The meat from factory farms hurts us and is responsible for many disesases from more people suffering from asthma and allergies, to flu. Factory farms are also known for horrible working conditions of their employees.
And factory farms hurts other animals besides those confined inside of them and unable to move of their entire lives (again, I don’t want to go too much into the cruelty that happens there) :
In only three years, two hundred fish kills – incidents where the entire fish population in a given area is killed at once – have resulted from factory famrs’ failures to kkeep their shit out of the waterways.
All of this also deconstructs the idea that animals have better lives on farms than they would have in the wild, where many would be killed anyway. These animals do not live happy lives before their slaughter.
This is becoming a more and more talked-about topic, which is definitely a good start. Some laws are being changed, though not as much as they should. Newspapers are writing about it (The New York Times was the first to do so), and Whole Foods was the first supermarket chain that committed to a systematic program of animal welfare labeling. There’s hope (dare I say it…) and everyone should contribute.

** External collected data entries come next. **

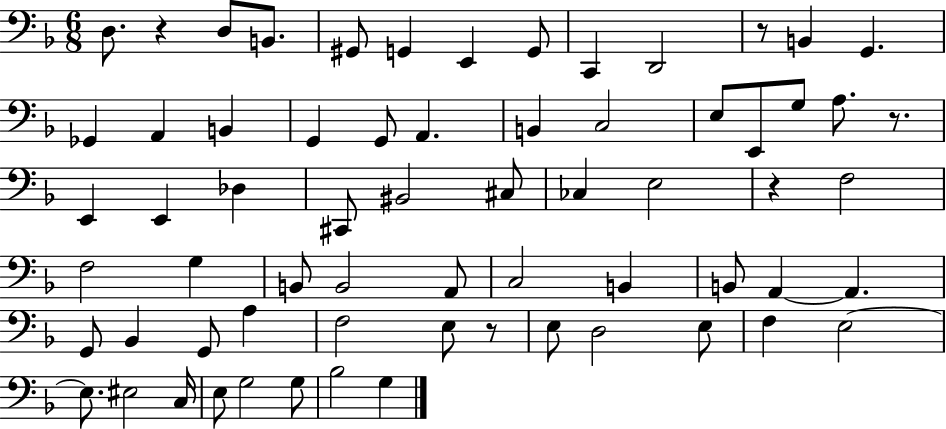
D3/e. R/q D3/e B2/e. G#2/e G2/q E2/q G2/e C2/q D2/h R/e B2/q G2/q. Gb2/q A2/q B2/q G2/q G2/e A2/q. B2/q C3/h E3/e E2/e G3/e A3/e. R/e. E2/q E2/q Db3/q C#2/e BIS2/h C#3/e CES3/q E3/h R/q F3/h F3/h G3/q B2/e B2/h A2/e C3/h B2/q B2/e A2/q A2/q. G2/e Bb2/q G2/e A3/q F3/h E3/e R/e E3/e D3/h E3/e F3/q E3/h E3/e. EIS3/h C3/s E3/e G3/h G3/e Bb3/h G3/q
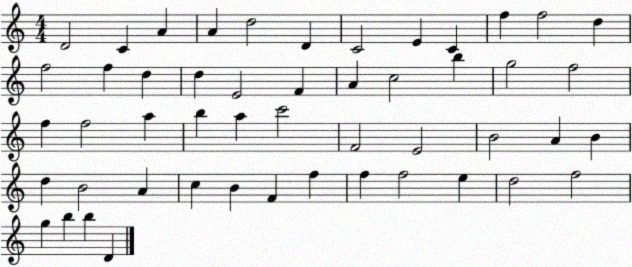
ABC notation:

X:1
T:Untitled
M:4/4
L:1/4
K:C
D2 C A A d2 D C2 E C f f2 d f2 f d d E2 F A c2 b g2 f2 f f2 a b a c'2 F2 E2 B2 A B d B2 A c B F f f f2 e d2 f2 g b b D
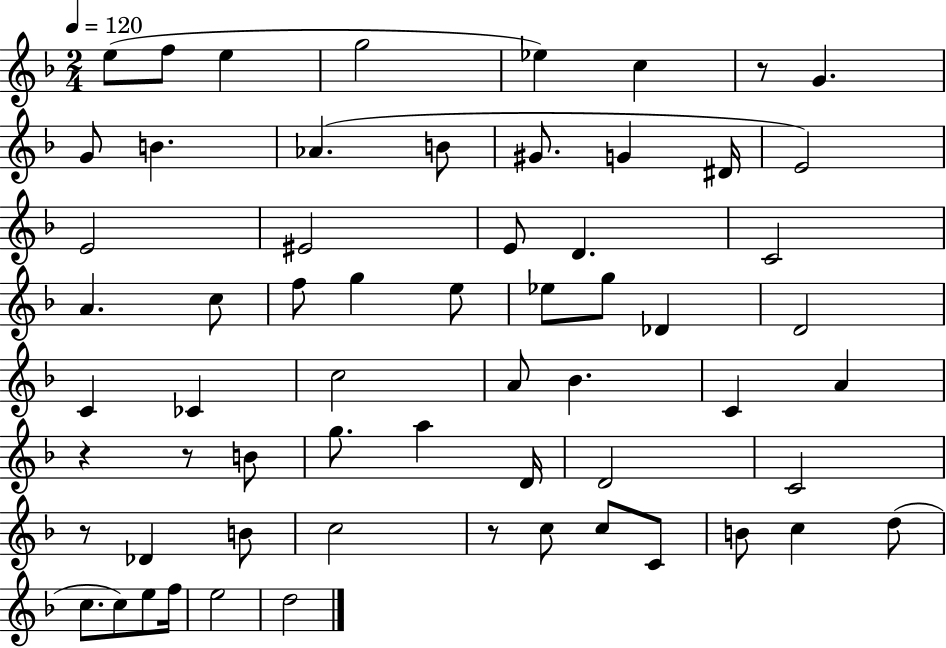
{
  \clef treble
  \numericTimeSignature
  \time 2/4
  \key f \major
  \tempo 4 = 120
  e''8( f''8 e''4 | g''2 | ees''4) c''4 | r8 g'4. | \break g'8 b'4. | aes'4.( b'8 | gis'8. g'4 dis'16 | e'2) | \break e'2 | eis'2 | e'8 d'4. | c'2 | \break a'4. c''8 | f''8 g''4 e''8 | ees''8 g''8 des'4 | d'2 | \break c'4 ces'4 | c''2 | a'8 bes'4. | c'4 a'4 | \break r4 r8 b'8 | g''8. a''4 d'16 | d'2 | c'2 | \break r8 des'4 b'8 | c''2 | r8 c''8 c''8 c'8 | b'8 c''4 d''8( | \break c''8. c''8) e''8 f''16 | e''2 | d''2 | \bar "|."
}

Yes, this is a long post and I don’t now if anyone’s going to read it, but it is very important to me, and I think it should be important to everyone. Eating Animals is a must-read. We must act – for animals, for our planet, and for ourselves.
If we are at all serious about ending factory farming, then the absolute least we can do is stop sending checkks to the absolute worst abusers. (…) We know, at least, that this decision will help prevent deforestation, curb global warming, reduce pollution, save oil reserves, lessen the burden on rural America, decrease human rights abuses, improve public health, and helo eliminate the most systematic animal abuse in world history.